To do
Repeat nothing but the lines below running from the one containing "Сбежавшие предатели России" to the one containing "Porém, é a tradução". Keep both end lines.

Short text fragments from websites
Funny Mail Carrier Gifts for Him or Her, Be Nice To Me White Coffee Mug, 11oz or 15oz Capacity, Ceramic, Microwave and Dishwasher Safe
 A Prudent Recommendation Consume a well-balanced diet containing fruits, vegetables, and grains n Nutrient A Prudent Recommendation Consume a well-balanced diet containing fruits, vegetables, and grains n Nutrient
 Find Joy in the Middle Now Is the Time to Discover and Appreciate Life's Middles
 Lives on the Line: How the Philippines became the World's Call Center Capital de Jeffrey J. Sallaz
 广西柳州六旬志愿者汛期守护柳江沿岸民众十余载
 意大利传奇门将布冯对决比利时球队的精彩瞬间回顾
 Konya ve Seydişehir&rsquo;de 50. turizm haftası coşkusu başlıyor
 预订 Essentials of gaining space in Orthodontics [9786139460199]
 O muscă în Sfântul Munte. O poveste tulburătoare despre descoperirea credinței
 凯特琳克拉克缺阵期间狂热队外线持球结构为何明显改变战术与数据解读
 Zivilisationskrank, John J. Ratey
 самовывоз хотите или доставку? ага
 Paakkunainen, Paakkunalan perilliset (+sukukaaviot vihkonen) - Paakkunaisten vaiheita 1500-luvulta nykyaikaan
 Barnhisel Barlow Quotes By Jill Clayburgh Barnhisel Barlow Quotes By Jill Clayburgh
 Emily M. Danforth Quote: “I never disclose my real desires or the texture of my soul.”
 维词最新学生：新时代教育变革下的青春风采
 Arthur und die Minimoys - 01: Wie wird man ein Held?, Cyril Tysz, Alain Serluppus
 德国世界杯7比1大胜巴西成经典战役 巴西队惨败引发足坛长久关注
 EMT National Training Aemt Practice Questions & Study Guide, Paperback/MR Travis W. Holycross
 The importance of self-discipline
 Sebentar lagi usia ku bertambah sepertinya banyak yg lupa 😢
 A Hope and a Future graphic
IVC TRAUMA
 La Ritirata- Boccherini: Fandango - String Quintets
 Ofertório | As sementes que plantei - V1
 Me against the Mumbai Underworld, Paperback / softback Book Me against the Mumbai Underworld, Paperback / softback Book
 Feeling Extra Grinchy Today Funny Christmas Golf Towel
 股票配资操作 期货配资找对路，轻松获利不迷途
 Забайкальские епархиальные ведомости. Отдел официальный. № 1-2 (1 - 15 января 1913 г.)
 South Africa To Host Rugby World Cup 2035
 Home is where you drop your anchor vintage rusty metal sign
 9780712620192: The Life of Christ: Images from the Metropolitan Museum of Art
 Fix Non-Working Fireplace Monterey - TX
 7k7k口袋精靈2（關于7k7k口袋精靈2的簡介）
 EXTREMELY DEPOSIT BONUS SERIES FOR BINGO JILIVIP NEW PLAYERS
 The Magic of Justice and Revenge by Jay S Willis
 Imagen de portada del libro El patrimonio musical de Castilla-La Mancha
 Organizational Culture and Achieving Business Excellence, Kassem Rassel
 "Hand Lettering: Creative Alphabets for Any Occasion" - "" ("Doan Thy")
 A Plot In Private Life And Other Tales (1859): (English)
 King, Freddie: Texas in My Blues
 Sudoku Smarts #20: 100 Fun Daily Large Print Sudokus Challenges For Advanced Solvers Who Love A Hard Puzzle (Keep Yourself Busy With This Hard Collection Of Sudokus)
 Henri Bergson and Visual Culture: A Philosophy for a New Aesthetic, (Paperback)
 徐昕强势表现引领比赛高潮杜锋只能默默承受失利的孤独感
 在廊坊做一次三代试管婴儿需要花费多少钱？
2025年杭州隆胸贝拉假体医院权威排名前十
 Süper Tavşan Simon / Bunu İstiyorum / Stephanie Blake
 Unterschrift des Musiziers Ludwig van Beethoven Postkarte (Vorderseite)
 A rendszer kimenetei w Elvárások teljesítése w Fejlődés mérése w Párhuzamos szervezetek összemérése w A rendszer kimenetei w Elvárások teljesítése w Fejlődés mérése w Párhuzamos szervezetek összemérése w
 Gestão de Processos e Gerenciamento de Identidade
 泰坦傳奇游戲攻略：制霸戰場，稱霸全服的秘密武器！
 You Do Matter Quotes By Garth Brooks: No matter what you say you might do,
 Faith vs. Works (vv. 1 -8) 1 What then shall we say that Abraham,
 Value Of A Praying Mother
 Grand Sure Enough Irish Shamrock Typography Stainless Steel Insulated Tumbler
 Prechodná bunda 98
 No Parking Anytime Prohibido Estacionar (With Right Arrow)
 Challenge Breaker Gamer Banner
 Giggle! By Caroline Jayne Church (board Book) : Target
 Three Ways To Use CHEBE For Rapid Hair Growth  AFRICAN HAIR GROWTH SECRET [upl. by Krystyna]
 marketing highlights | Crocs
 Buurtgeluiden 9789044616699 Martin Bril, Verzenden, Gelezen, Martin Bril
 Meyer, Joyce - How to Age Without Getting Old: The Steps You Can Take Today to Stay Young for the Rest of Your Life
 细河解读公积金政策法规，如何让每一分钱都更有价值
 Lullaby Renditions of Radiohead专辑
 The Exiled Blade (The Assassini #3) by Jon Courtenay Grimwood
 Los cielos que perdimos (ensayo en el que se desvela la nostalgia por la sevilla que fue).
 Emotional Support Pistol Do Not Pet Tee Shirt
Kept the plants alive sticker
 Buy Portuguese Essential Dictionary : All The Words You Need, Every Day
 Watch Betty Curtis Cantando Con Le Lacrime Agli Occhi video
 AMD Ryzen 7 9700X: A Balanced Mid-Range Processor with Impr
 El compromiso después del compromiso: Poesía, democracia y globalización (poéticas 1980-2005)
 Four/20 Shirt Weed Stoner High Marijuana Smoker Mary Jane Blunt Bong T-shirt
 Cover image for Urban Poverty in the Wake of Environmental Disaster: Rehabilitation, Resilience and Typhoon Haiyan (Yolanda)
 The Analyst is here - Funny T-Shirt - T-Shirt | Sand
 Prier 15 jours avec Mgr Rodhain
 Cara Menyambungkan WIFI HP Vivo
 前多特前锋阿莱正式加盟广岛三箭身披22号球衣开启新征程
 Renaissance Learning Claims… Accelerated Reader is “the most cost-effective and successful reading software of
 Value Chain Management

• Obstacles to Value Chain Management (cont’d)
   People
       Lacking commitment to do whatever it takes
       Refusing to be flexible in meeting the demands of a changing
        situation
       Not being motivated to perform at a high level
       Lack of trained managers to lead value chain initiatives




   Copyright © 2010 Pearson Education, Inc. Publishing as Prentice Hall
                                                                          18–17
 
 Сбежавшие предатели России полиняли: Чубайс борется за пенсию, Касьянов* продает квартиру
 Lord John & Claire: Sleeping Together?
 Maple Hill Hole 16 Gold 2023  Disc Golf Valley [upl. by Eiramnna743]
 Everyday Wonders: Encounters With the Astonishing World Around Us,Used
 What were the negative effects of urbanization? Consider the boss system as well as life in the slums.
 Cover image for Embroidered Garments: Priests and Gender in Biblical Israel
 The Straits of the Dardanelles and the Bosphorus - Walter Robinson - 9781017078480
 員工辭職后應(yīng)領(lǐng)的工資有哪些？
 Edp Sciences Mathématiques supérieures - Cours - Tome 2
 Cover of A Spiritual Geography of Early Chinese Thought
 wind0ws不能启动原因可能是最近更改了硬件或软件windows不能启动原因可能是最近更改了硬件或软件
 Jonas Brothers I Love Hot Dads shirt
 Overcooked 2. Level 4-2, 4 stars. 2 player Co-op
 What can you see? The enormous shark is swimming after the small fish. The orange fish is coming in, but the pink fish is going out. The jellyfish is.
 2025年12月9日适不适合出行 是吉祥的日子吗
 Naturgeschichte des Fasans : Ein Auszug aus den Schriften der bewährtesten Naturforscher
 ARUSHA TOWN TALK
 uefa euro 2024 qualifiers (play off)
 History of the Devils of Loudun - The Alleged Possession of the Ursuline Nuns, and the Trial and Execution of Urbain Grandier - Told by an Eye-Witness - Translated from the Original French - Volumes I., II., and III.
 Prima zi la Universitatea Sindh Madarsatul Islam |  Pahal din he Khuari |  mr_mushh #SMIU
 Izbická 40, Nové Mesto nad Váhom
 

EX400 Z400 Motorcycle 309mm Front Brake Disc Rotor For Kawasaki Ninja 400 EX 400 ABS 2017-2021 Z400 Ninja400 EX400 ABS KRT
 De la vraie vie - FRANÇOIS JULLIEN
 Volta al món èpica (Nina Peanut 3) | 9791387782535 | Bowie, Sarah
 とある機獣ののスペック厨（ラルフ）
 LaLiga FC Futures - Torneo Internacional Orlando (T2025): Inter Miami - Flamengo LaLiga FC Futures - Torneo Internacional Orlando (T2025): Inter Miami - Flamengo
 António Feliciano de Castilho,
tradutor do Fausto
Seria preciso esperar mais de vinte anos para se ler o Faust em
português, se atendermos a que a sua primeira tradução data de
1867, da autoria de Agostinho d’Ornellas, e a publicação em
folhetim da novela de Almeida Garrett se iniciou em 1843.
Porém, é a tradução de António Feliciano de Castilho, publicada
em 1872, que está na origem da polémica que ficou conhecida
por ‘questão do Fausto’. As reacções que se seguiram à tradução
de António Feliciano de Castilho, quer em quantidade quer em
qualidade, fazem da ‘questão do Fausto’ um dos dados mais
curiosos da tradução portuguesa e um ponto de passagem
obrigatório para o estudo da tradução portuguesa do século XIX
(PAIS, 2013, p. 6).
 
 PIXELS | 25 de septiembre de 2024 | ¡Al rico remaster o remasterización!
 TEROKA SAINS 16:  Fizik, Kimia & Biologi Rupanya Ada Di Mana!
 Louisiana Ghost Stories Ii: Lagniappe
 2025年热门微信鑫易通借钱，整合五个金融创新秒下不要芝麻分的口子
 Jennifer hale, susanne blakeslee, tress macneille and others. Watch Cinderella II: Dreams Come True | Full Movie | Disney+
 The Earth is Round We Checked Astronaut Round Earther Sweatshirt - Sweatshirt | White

Task solution
 Сбежавшие предатели России полиняли: Чубайс борется за пенсию, Касьянов* продает квартиру
 Lord John & Claire: Sleeping Together?
 Maple Hill Hole 16 Gold 2023  Disc Golf Valley [upl. by Eiramnna743]
 Everyday Wonders: Encounters With the Astonishing World Around Us,Used
 What were the negative effects of urbanization? Consider the boss system as well as life in the slums.
 Cover image for Embroidered Garments: Priests and Gender in Biblical Israel
 The Straits of the Dardanelles and the Bosphorus - Walter Robinson - 9781017078480
 員工辭職后應(yīng)領(lǐng)的工資有哪些？
 Edp Sciences Mathématiques supérieures - Cours - Tome 2
 Cover of A Spiritual Geography of Early Chinese Thought
 wind0ws不能启动原因可能是最近更改了硬件或软件windows不能启动原因可能是最近更改了硬件或软件
 Jonas Brothers I Love Hot Dads shirt
 Overcooked 2. Level 4-2, 4 stars. 2 player Co-op
 What can you see? The enormous shark is swimming after the small fish. The orange fish is coming in, but the pink fish is going out. The jellyfish is.
 2025年12月9日适不适合出行 是吉祥的日子吗
 Naturgeschichte des Fasans : Ein Auszug aus den Schriften der bewährtesten Naturforscher
 ARUSHA TOWN TALK
 uefa euro 2024 qualifiers (play off)
 History of the Devils of Loudun - The Alleged Possession of the Ursuline Nuns, and the Trial and Execution of Urbain Grandier - Told by an Eye-Witness - Translated from the Original French - Volumes I., II., and III.
 Prima zi la Universitatea Sindh Madarsatul Islam |  Pahal din he Khuari |  mr_mushh #SMIU
 Izbická 40, Nové Mesto nad Váhom
 

EX400 Z400 Motorcycle 309mm Front Brake Disc Rotor For Kawasaki Ninja 400 EX 400 ABS 2017-2021 Z400 Ninja400 EX400 ABS KRT
 De la vraie vie - FRANÇOIS JULLIEN
 Volta al món èpica (Nina Peanut 3) | 9791387782535 | Bowie, Sarah
 とある機獣ののスペック厨（ラルフ）
 LaLiga FC Futures - Torneo Internacional Orlando (T2025): Inter Miami - Flamengo LaLiga FC Futures - Torneo Internacional Orlando (T2025): Inter Miami - Flamengo
 António Feliciano de Castilho,
tradutor do Fausto
Seria preciso esperar mais de vinte anos para se ler o Faust em
português, se atendermos a que a sua primeira tradução data de
1867, da autoria de Agostinho d’Ornellas, e a publicação em
folhetim da novela de Almeida Garrett se iniciou em 1843.
Porém, é a tradução de António Feliciano de Castilho, publicada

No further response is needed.